◆ TO DO
Exclude images, then output the remaining data verbatim.

◆ INFORMATION SHOWN

------------------------------------------------------------------------

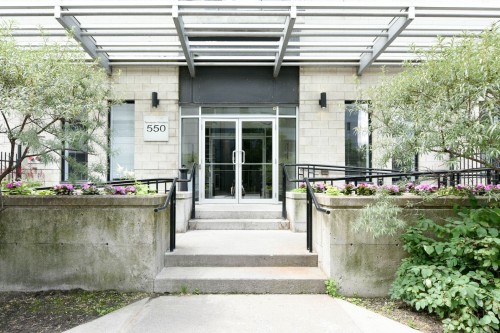 Front of Structure - 1008-550 Rue Jean-D'Estrées, Montréal (Ville-Marie), QC - Indoor Photo Showing Garage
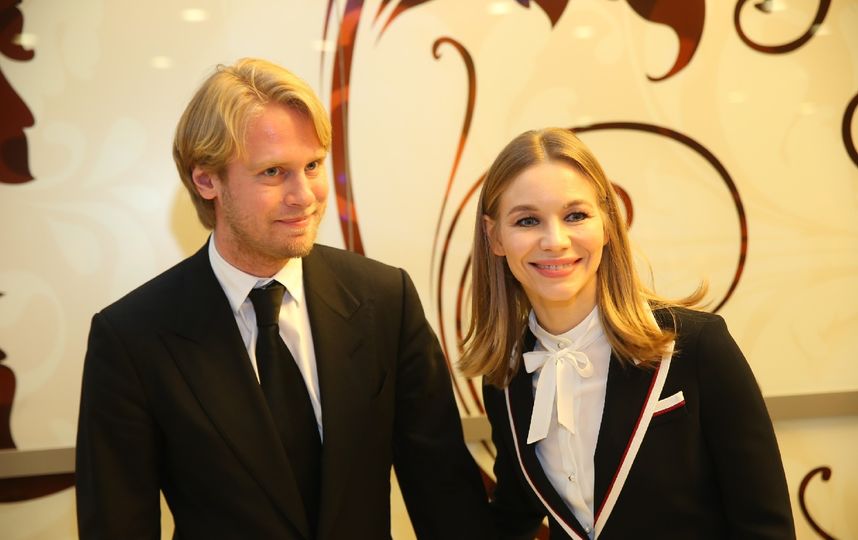 Награду за Кирилла Серебренникова получил продюсер фильма "Лето" Илья Стюарт. Фото Василий Кузьмичёнок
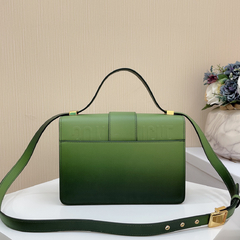 Bolsa Montaigne 30 em couro de bezerro- gradiente verde 2021 - comprar online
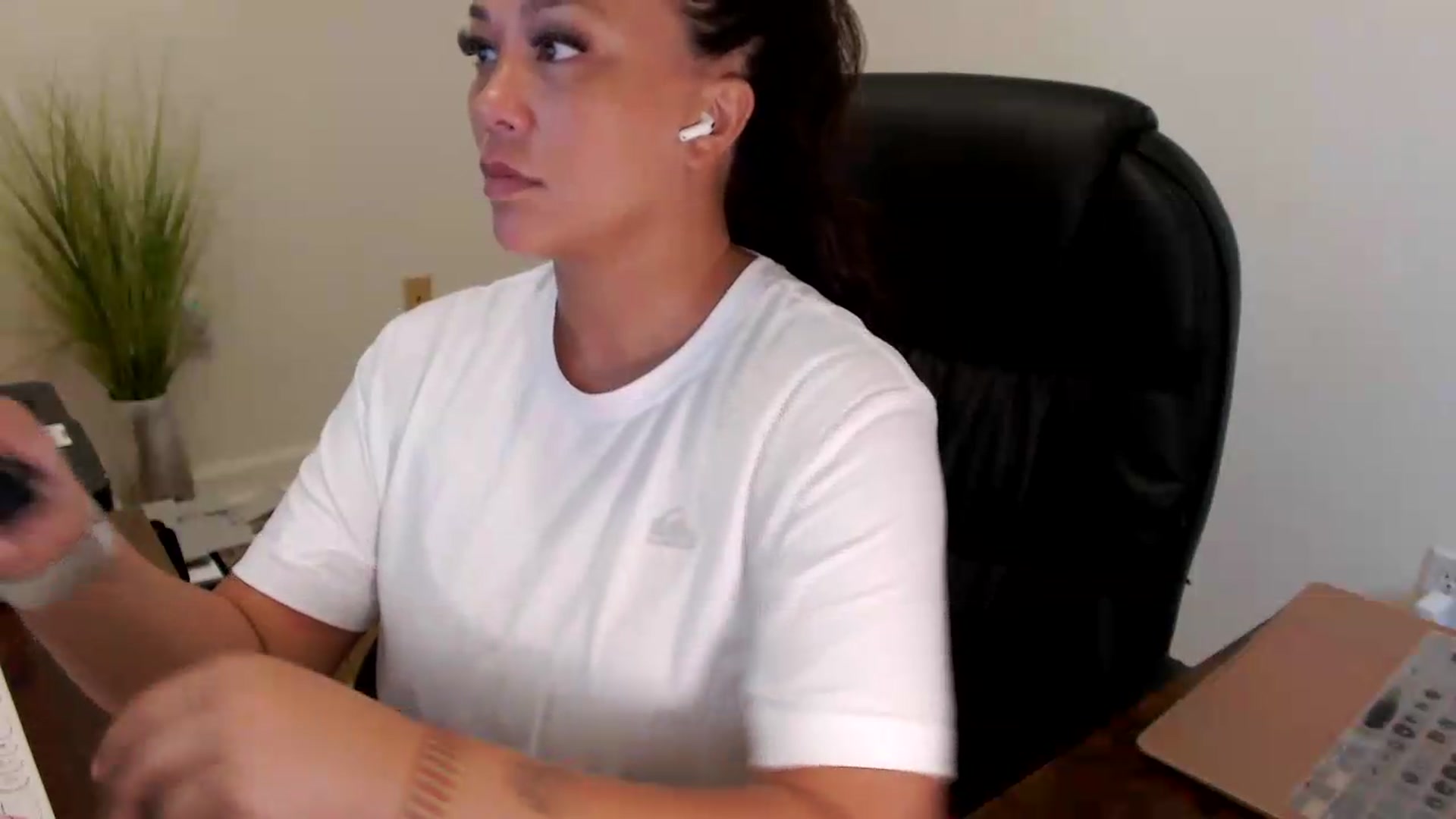 Gallery image thumbnail from MickaylaStar's myfreecams stream on, 07/20/2026, 17:44 image 17 of 20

------------------------------------------------------------------------

◆ EXERCISE RESULT
 Front of Structure - 1008-550 Rue Jean-D'Estrées, Montréal (Ville-Marie), QC - Indoor Photo Showing Garage
 Награду за Кирилла Серебренникова получил продюсер фильма "Лето" Илья Стюарт. Фото Василий Кузьмичёнок
 Bolsa Montaigne 30 em couro de bezerro- gradiente verde 2021 - comprar online
 Gallery image thumbnail from MickaylaStar's myfreecams stream on, 07/20/2026, 17:44 image 17 of 20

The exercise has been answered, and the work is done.